TASK BRIEF:
Only the pictures should be left out; repeat the rest of the data exactly.

PROVIDED DATA:
■ ■ ■ ■ ■ ■ ■
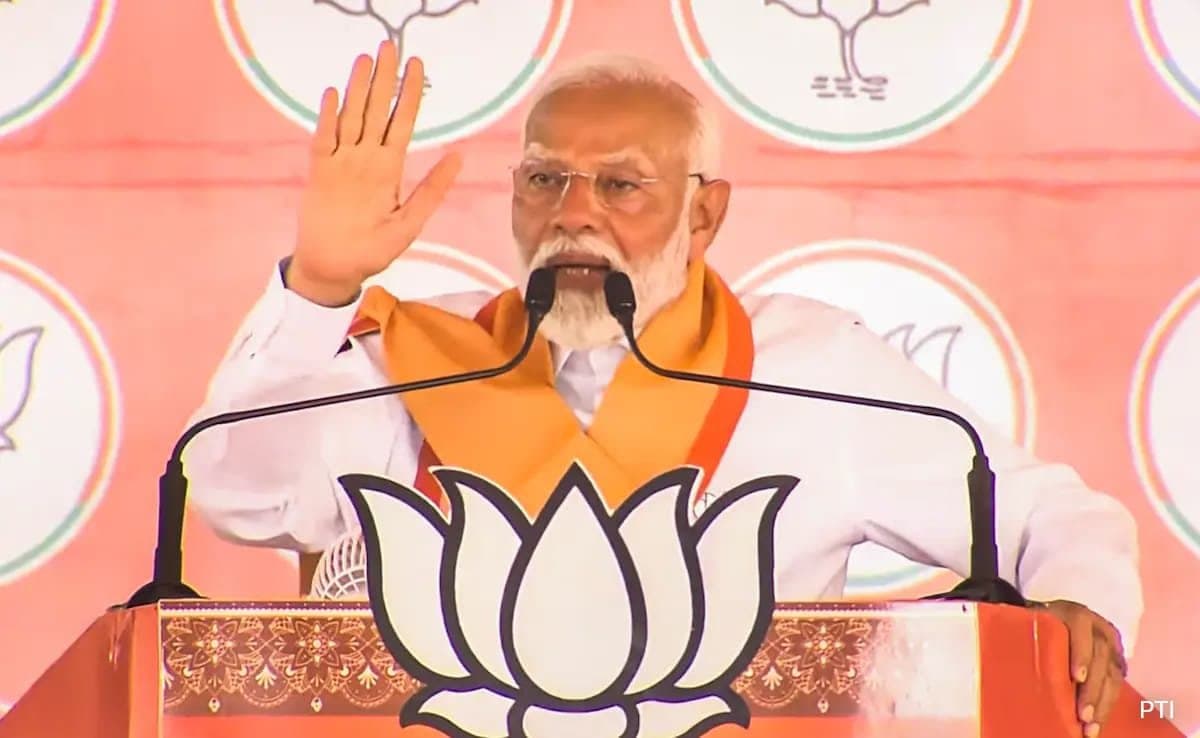 MODI: ভোটের প্রচার ছেলেবেলার স্মৃতি তুলে ধরলেন প্রধানমন্ত্রী নরেন্দ্র মোদি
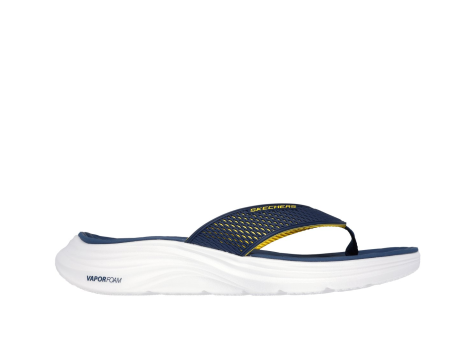 SKECHERS Vapor Foam Sandal Sayto (232894-NVYL) blau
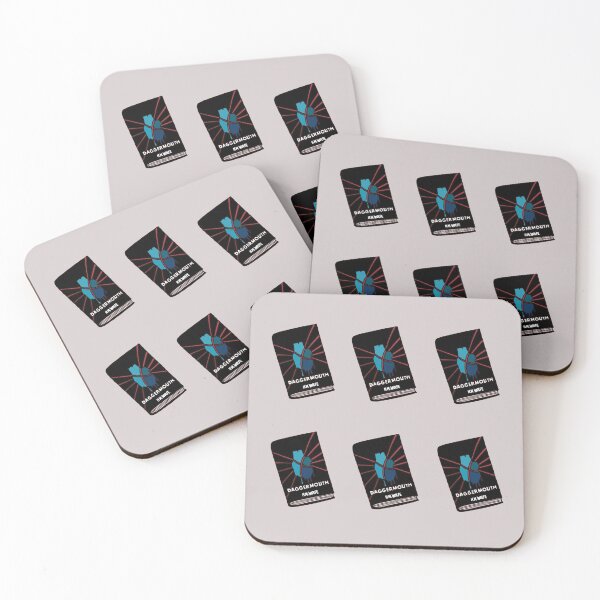 Item preview, Daggermouth books  designed and sold by lalashellsArt.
■ ■ ■ ■ ■ ■ ■
EXERCISE ANSWER:
 MODI: ভোটের প্রচার ছেলেবেলার স্মৃতি তুলে ধরলেন প্রধানমন্ত্রী নরেন্দ্র মোদি
 SKECHERS Vapor Foam Sandal Sayto (232894-NVYL) blau
 Item preview, Daggermouth books  designed and sold by lalashellsArt.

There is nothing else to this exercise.